[Source data]
===
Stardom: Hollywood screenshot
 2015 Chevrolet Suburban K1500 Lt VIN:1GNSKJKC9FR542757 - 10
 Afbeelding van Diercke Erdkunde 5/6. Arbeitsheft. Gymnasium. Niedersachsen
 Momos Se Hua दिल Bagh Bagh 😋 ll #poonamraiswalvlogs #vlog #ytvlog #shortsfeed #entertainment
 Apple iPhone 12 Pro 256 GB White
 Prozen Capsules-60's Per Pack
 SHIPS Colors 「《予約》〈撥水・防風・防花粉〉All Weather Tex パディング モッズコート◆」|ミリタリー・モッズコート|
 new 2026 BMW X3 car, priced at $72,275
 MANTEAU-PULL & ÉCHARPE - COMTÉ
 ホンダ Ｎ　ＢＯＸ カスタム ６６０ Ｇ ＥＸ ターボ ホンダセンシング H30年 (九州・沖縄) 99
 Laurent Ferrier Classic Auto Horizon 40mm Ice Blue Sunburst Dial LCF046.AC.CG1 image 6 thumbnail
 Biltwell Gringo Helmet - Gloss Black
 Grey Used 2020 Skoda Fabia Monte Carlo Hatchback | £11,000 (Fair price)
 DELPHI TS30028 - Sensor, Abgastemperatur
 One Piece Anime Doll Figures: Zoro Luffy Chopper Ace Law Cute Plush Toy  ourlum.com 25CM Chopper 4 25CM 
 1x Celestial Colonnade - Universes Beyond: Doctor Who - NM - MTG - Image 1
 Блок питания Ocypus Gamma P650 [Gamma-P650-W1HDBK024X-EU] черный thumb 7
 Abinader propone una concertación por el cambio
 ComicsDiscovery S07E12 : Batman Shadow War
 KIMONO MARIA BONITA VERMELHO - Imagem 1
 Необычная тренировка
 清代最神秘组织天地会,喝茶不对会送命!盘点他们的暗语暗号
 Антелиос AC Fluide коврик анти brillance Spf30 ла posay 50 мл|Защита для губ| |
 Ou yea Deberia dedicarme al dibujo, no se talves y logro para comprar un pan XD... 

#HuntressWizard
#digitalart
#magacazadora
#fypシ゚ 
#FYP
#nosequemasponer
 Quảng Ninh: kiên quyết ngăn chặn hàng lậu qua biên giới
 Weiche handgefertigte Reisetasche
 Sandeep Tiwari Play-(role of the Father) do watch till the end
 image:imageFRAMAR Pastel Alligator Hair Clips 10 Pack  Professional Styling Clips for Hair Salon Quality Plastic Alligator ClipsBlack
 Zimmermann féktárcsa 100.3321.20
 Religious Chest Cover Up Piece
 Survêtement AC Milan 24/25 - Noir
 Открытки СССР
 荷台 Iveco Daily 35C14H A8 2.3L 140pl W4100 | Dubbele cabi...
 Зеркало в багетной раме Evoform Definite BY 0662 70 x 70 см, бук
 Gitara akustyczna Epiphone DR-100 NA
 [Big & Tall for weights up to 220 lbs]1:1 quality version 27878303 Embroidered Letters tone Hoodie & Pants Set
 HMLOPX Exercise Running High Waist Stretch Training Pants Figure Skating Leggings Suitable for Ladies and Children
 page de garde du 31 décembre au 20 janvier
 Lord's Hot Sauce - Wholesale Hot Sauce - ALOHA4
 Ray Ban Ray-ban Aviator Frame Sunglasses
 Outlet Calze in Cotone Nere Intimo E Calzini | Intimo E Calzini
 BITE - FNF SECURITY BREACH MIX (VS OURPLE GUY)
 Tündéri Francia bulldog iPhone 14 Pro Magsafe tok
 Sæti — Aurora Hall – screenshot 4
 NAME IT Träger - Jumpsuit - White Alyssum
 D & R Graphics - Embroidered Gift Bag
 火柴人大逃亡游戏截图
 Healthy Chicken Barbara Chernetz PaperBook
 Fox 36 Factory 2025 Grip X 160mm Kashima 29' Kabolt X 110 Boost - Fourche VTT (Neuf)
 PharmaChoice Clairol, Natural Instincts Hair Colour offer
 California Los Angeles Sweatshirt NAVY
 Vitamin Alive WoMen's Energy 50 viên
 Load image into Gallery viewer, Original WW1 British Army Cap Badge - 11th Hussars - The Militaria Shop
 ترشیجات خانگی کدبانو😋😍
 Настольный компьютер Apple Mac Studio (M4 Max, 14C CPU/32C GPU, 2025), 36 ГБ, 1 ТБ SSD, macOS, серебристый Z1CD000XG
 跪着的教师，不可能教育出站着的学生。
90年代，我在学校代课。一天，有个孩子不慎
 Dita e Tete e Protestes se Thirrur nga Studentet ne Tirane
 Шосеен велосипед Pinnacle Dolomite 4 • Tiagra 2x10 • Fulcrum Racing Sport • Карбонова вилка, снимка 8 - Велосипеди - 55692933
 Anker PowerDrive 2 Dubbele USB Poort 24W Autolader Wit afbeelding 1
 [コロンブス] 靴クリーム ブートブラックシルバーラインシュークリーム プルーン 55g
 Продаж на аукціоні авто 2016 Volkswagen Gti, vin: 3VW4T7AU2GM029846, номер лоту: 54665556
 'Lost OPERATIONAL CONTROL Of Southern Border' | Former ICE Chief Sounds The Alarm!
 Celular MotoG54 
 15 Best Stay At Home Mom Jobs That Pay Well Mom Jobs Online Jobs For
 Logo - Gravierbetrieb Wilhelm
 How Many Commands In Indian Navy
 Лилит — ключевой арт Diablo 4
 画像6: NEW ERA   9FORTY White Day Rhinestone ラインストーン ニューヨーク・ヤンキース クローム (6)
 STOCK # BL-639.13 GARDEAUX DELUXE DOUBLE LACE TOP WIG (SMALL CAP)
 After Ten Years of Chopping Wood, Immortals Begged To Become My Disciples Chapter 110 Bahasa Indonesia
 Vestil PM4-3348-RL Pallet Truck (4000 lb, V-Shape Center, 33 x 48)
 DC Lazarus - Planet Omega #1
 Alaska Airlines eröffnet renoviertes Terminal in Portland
===
| ACTIVITY |
Word for word, set down all of the records above.

| OUTPUT FOR THIS EXERCISE |
Stardom: Hollywood screenshot
 2015 Chevrolet Suburban K1500 Lt VIN:1GNSKJKC9FR542757 - 10
 Afbeelding van Diercke Erdkunde 5/6. Arbeitsheft. Gymnasium. Niedersachsen
 Momos Se Hua दिल Bagh Bagh 😋 ll #poonamraiswalvlogs #vlog #ytvlog #shortsfeed #entertainment
 Apple iPhone 12 Pro 256 GB White
 Prozen Capsules-60's Per Pack
 SHIPS Colors 「《予約》〈撥水・防風・防花粉〉All Weather Tex パディング モッズコート◆」|ミリタリー・モッズコート|
 new 2026 BMW X3 car, priced at $72,275
 MANTEAU-PULL & ÉCHARPE - COMTÉ
 ホンダ Ｎ　ＢＯＸ カスタム ６６０ Ｇ ＥＸ ターボ ホンダセンシング H30年 (九州・沖縄) 99
 Laurent Ferrier Classic Auto Horizon 40mm Ice Blue Sunburst Dial LCF046.AC.CG1 image 6 thumbnail
 Biltwell Gringo Helmet - Gloss Black
 Grey Used 2020 Skoda Fabia Monte Carlo Hatchback | £11,000 (Fair price)
 DELPHI TS30028 - Sensor, Abgastemperatur
 One Piece Anime Doll Figures: Zoro Luffy Chopper Ace Law Cute Plush Toy  ourlum.com 25CM Chopper 4 25CM 
 1x Celestial Colonnade - Universes Beyond: Doctor Who - NM - MTG - Image 1
 Блок питания Ocypus Gamma P650 [Gamma-P650-W1HDBK024X-EU] черный thumb 7
 Abinader propone una concertación por el cambio
 ComicsDiscovery S07E12 : Batman Shadow War
 KIMONO MARIA BONITA VERMELHO - Imagem 1
 Необычная тренировка
 清代最神秘组织天地会,喝茶不对会送命!盘点他们的暗语暗号
 Антелиос AC Fluide коврик анти brillance Spf30 ла posay 50 мл|Защита для губ| |
 Ou yea Deberia dedicarme al dibujo, no se talves y logro para comprar un pan XD... 

#HuntressWizard
#digitalart
#magacazadora
#fypシ゚ 
#FYP
#nosequemasponer
 Quảng Ninh: kiên quyết ngăn chặn hàng lậu qua biên giới
 Weiche handgefertigte Reisetasche
 Sandeep Tiwari Play-(role of the Father) do watch till the end
 image:imageFRAMAR Pastel Alligator Hair Clips 10 Pack  Professional Styling Clips for Hair Salon Quality Plastic Alligator ClipsBlack
 Zimmermann féktárcsa 100.3321.20
 Religious Chest Cover Up Piece
 Survêtement AC Milan 24/25 - Noir
 Открытки СССР
 荷台 Iveco Daily 35C14H A8 2.3L 140pl W4100 | Dubbele cabi...
 Зеркало в багетной раме Evoform Definite BY 0662 70 x 70 см, бук
 Gitara akustyczna Epiphone DR-100 NA
 [Big & Tall for weights up to 220 lbs]1:1 quality version 27878303 Embroidered Letters tone Hoodie & Pants Set
 HMLOPX Exercise Running High Waist Stretch Training Pants Figure Skating Leggings Suitable for Ladies and Children
 page de garde du 31 décembre au 20 janvier
 Lord's Hot Sauce - Wholesale Hot Sauce - ALOHA4
 Ray Ban Ray-ban Aviator Frame Sunglasses
 Outlet Calze in Cotone Nere Intimo E Calzini | Intimo E Calzini
 BITE - FNF SECURITY BREACH MIX (VS OURPLE GUY)
 Tündéri Francia bulldog iPhone 14 Pro Magsafe tok
 Sæti — Aurora Hall – screenshot 4
 NAME IT Träger - Jumpsuit - White Alyssum
 D & R Graphics - Embroidered Gift Bag
 火柴人大逃亡游戏截图
 Healthy Chicken Barbara Chernetz PaperBook
 Fox 36 Factory 2025 Grip X 160mm Kashima 29' Kabolt X 110 Boost - Fourche VTT (Neuf)
 PharmaChoice Clairol, Natural Instincts Hair Colour offer
 California Los Angeles Sweatshirt NAVY
 Vitamin Alive WoMen's Energy 50 viên
 Load image into Gallery viewer, Original WW1 British Army Cap Badge - 11th Hussars - The Militaria Shop
 ترشیجات خانگی کدبانو😋😍
 Настольный компьютер Apple Mac Studio (M4 Max, 14C CPU/32C GPU, 2025), 36 ГБ, 1 ТБ SSD, macOS, серебристый Z1CD000XG
 跪着的教师，不可能教育出站着的学生。
90年代，我在学校代课。一天，有个孩子不慎
 Dita e Tete e Protestes se Thirrur nga Studentet ne Tirane
 Шосеен велосипед Pinnacle Dolomite 4 • Tiagra 2x10 • Fulcrum Racing Sport • Карбонова вилка, снимка 8 - Велосипеди - 55692933
 Anker PowerDrive 2 Dubbele USB Poort 24W Autolader Wit afbeelding 1
 [コロンブス] 靴クリーム ブートブラックシルバーラインシュークリーム プルーン 55g
 Продаж на аукціоні авто 2016 Volkswagen Gti, vin: 3VW4T7AU2GM029846, номер лоту: 54665556
 'Lost OPERATIONAL CONTROL Of Southern Border' | Former ICE Chief Sounds The Alarm!
 Celular MotoG54 
 15 Best Stay At Home Mom Jobs That Pay Well Mom Jobs Online Jobs For
 Logo - Gravierbetrieb Wilhelm
 How Many Commands In Indian Navy
 Лилит — ключевой арт Diablo 4
 画像6: NEW ERA   9FORTY White Day Rhinestone ラインストーン ニューヨーク・ヤンキース クローム (6)
 STOCK # BL-639.13 GARDEAUX DELUXE DOUBLE LACE TOP WIG (SMALL CAP)
 After Ten Years of Chopping Wood, Immortals Begged To Become My Disciples Chapter 110 Bahasa Indonesia
 Vestil PM4-3348-RL Pallet Truck (4000 lb, V-Shape Center, 33 x 48)
 DC Lazarus - Planet Omega #1
 Alaska Airlines eröffnet renoviertes Terminal in Portland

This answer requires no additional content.